Why Be Moral Platos Republic

Core 300

Paper #1: Why Be Moral?

 

I. The Assignment

 

In Republic, Plato addresses the question whether it is always better for an individual person to be just than to be unjust. His answer to this question depends on a detailed account of justice in the individual soul. In the first half of this paper, summarize Plato’s account of justice (in both the State and the individual), and explain how he uses this account to show that justice in the individual soul is always better than injustice. In the second part of the paper, critically interact with the argument summarized in the first part. Do you agree with Plato’s conclusion? Do you find his argument compelling? Why or why not? If you agree with Plato, try to consider at least one objection to his view or argument. If you disagree, try to consider how Plato would respond to your objections.

 

  • Due: In hard copy at the beginning of class on Thursday February 28
  • Page count: 3-4 typed, double-spaced pages, 12 point Times New Roman font, 1.25” margins
  • Note: Please try to stay very close to this page count. You will not be rewarded for going over the page count limit.  It is unlikely that you will be able to fulfill the assignment in less than the allotted space.

 

 

II. Formatting Guidelines

 

  • Be sure to state Plato’s main claims in your first paragraph.
  • State your own thesis in your first paragraph.
  • Your first paragraph might look something like this: “In Republic, Plato argues that justice in the individual soul is always better than injustice. His argument for this claim relies on an analogy between the State and the individual, along with a detailed account of the nature of justice. In what follows, I will summarize Plato’s defense of justice and critically evaluate it. I will argue that___________.”
  • When stating your thesis, it is fine to write in the first-person.
  • The use of quotations is permitted (and even encouraged). But be sure to avoid overusing quotations. As a rule, quotations should comprise no more than 5-10% of your paper. Provide page citations for all quotations.
  • Your paper should consist in roughly 2-2 ½ pages of summary, and the rest critique.
  • Clearly mark the boundary between your summary and critique, perhaps with a section heading.
  • Avoid interspersing summary and critique—keep these two tasks separate.
  • This is not a research paper. If at all possible, avoid using outside sources. To provide you with some context, will go over some key parts of Plato’s argument in class.
  • Do not try to write a running summary of Republic. You don’t have the space for this. Stick to the main argument about justice as it appears in Books I-IV.

 

 

III. Helpful Hints

 

            A. Pre-Writing

 

  • As always, get started early!
  • Read the relevant parts of Republic (especially the passages we discuss in class) at least twice in the next few days. Do the first reading fairly quickly.
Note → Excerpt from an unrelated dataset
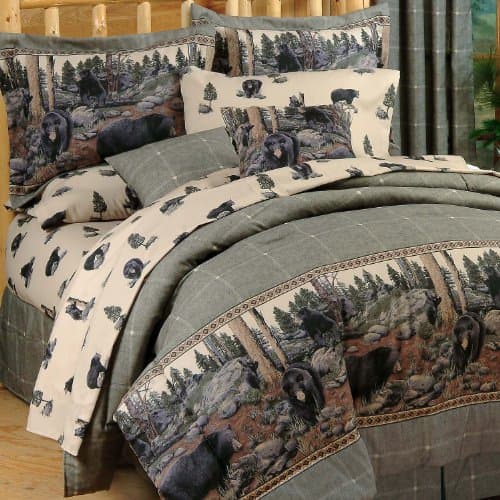 Visi-One Bears King Comforter Set, 4-Piece Printed Bedding Comforters, Polycotton Fabric,Comforter Set for Bedroom, Hunting & Outdoor (King)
Try to get a basic sense of the author’s conclusion and the structure of his main argument. On the second (more careful) reading, try to get a sense of how the details of the argument fit into its main structure.
  • It may help to make an outline of the argument’s structure. What is the main conclusion? What premises are supposed to support this conclusion? How does the author argue for those premises? Hint: Plato develops an analogy between the State and the individual soul.
  • Read my guidelines for writing and revising philosophy papers (on Blackboard). For additional advice, see Jim Pryor’s guidelines for writing a philosophy paper: http://www.jimpryor.net/teaching/index.html

 

 

 

 

 

            B. Writing

 

  • If you have made a detailed outline, the step from outline to prose form may be fairly short.
  • To make sure that you are ready to write, try to state the author’s argument to yourself in just 3-5 sentences. If you cannot do this, you are not yet ready to write. Go back and read the text more carefully.
  • Aim for clear, precise prose. Never use a long word when a short word will do. Never write a long sentence when a short one will do. In contrast to many other kinds of writing, philosophical writing should be straightforward.
  • Strategies for critique: (1) Show that the author’s premises fail to support his conclusion; (2) Show that at least one of the author’s premises is false; (3) Show that the author has failed to provide adequate support for at least one of his premises; (4) Provide an independent reason for thinking that the author’s main conclusion is false.
  • Audience: It may help to think of yourself as writing for a friend or roommate who is not in this class. Your goal is to make Plato’s argument (and your critique) easily understandable for an intelligent person who has never read his essay.
  • Aim to have a completed draft at least two days before the due date. Set the paper aside for a day, then return to it for revisions.

 

             C. Post-writing

 

  • Proofread, proofread, proofread! Be meticulous about grammar, punctuation, and sentence structure. Poor writing inhibits your ability to express even your clearest thoughts.
  • Read your paper aloud. If you cannot bring yourself to do this, use the speech function on your computer to have the paper read aloud to you.